England over North Korea 3-1.  The group of death has has the defending champs go down on day 1.  Both favorites lose!


----------



## Soccer43 (Aug 6, 2018)

great game between Spain and Paraguay.  That 16 year old keeper from Paraguay had some amazing saves.   It wasn't enough though as final was Spain over Paraguay 4-1


----------



## MakeAPlay (Aug 6, 2018)

Soccer43 said:


> great game between Spain and Paraguay.  That 16 year old keeper from Paraguay had some amazing saves.   It wasn't enough though as final was Spain over Paraguay 4-1


We are going to struggle with the possession and passing of Spain.  Our squad wasn’t built on technical players that’s for sure.  If we don’t get 3 points today it is going to be unlikely that we advance.


----------



## MakeAPlay (Aug 6, 2018)

Germany 1-0 of Nigeria.  Tough game.  2nd half goal wins it.


----------



## beachbum (Aug 6, 2018)

Were struggling with Japan's high pressure today.  US transition is good but can't connect in the final third.


----------



## MakeAPlay (Aug 6, 2018)

beachbum said:


> Were struggling with Japan's high pressure today.  US transition is good but can't connect in the final third.

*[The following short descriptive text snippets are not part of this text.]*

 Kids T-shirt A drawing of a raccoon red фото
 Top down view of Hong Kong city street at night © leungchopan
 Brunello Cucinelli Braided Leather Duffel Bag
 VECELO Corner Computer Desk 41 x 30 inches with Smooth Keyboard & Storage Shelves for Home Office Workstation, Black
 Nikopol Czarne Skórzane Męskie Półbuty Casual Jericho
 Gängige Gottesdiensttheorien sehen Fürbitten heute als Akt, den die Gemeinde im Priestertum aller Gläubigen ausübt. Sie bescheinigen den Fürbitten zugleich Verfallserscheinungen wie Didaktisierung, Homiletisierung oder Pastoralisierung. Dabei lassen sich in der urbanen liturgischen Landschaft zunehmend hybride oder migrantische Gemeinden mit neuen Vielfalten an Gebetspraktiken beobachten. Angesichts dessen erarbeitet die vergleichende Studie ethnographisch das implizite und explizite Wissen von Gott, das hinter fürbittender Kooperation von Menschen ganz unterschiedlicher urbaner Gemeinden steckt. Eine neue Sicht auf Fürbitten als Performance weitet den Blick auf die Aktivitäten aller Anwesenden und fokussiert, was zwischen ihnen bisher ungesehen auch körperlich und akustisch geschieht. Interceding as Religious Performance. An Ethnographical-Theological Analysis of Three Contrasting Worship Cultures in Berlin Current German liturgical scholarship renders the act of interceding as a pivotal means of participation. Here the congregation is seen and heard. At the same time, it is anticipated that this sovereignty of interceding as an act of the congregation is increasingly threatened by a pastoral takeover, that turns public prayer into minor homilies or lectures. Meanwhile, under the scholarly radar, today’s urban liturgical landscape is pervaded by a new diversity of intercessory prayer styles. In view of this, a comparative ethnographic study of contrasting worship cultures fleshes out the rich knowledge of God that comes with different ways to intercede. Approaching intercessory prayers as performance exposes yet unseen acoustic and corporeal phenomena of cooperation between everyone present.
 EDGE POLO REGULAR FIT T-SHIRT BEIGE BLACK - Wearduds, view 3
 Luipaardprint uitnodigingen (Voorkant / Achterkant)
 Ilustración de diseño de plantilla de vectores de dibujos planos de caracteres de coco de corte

The loss is what you get when you pick coaches through nepotism and players from a U17 team that didn’t make it out of group play.  They won’t beat Spain that is for sure.


----------



## MakeAPlay (Aug 6, 2018)

If the youth ranks aren’t  a sign that the world has caught up to us then I don’t know what is.  The good news is we have the players.  We just need to clear out US Soccer so that we can bring in the good coaches!


----------



## MakeAPlay (Aug 8, 2018)

Great game between England and Brazil ends in a 1-1 draw.  England scores in the first half on a PK.  Brazil equalized in the last minute of stoppage time.


----------



## MakeAPlay (Aug 8, 2018)

North Korea over Mexico 2-1.  Everyone in the group is alive going into the final game in this group.


----------



## MakeAPlay (Aug 12, 2018)

France is up 3-0 on Netherlands at the half and both teams are fantastic.  The world has caught up with us as far more advanced footballing nations now have pro women’s leagues.  The one thing that we still have going for us is the NCAA.  Even if our YNT selections are questionable the filter of D1 college soccer still feeds world class talent to our full WNT.


----------



## MakeAPlay (Aug 12, 2018)

If there is a better young forward in the world than Emelyne Laurent I haven’t seen her.  Keroline for Brazil is probably second both are better than Castellanos for Venezuela.  I think Laurent plays for Lyon...


----------



## MakeAPlay (Aug 13, 2018)

The US ties Spain 2-2 and doesn’t advance out of the group stage for the first time ever.  Spain was up 2-0 in the first half.  The US scores 2 goals in the last 10 minutes to make it interesting.


----------



## Soccer43 (Aug 13, 2018)

Didn't have chance to watch game yet but interesting stats - about equal in shots on goal, corner kicks etc but big.difference in # of passes and pass accuracy - something that is discussed often here - did the Spain .keeper have some.good saves?


----------



## turftoe (Aug 13, 2018)

Many of these same incredible players were on the US team that didn't get out of bracket play in the U-17 World Cup two years ago. 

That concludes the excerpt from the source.